App template:

Delta Lake ETL with Pathway for Spark Analytics

Sergey Kulik·July 23, 2024·0 min read

In the era of big data, efficient data preparation is essential for deriving actionable insights.

Apache Spark is a widely used data analytics tool for many enterprises. It can be made more powerful with Delta Lake, which provides efficient data storage, scalable metadata handling, and time travel support.
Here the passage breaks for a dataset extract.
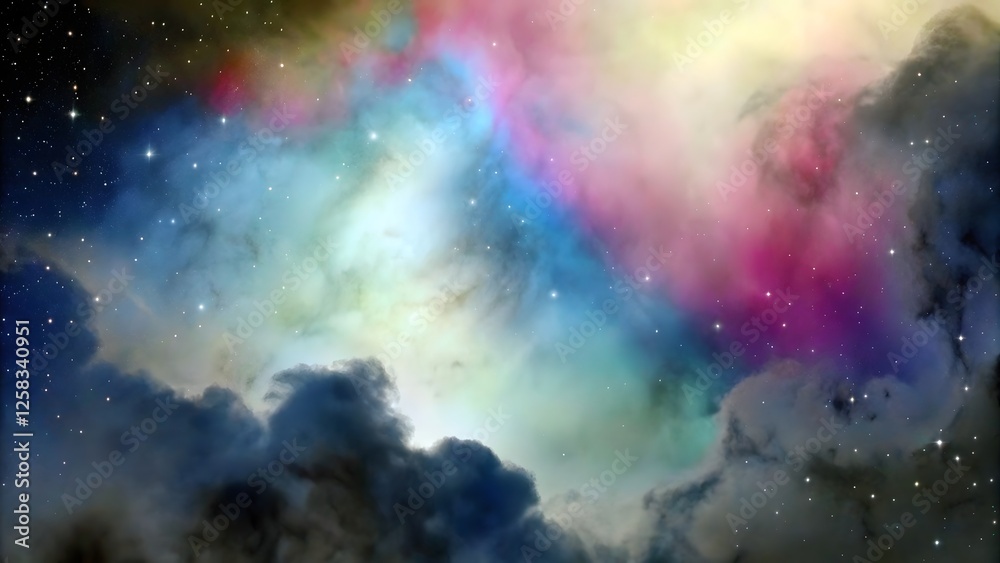 Naklejka premium Nebula explosion with vibrant cosmic colors sw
This makes it easy for users to access and query previous versions of data.

The Pathway framework provides an efficient way to do ETL with Delta Lake: you can extract and transform data from hundreds of sources and then store it in the Delta Lake format over a local filesystem or S3. Using Pathway, you can prepare your data efficiently and maximize the potential of your Spark-based analytics.

In this tutorial, you will learn how to install Pathway, configure a data processing pipeline with it, and prepare your data for efficient Spark analytics.

Pathway data preparation pipeline for Spark

Sample Task

In this tutorial, you will create a pipeline that extracts data from GitHub commit history and prepares it for further analysis by extracting contributor while removing their address for privacy concerns.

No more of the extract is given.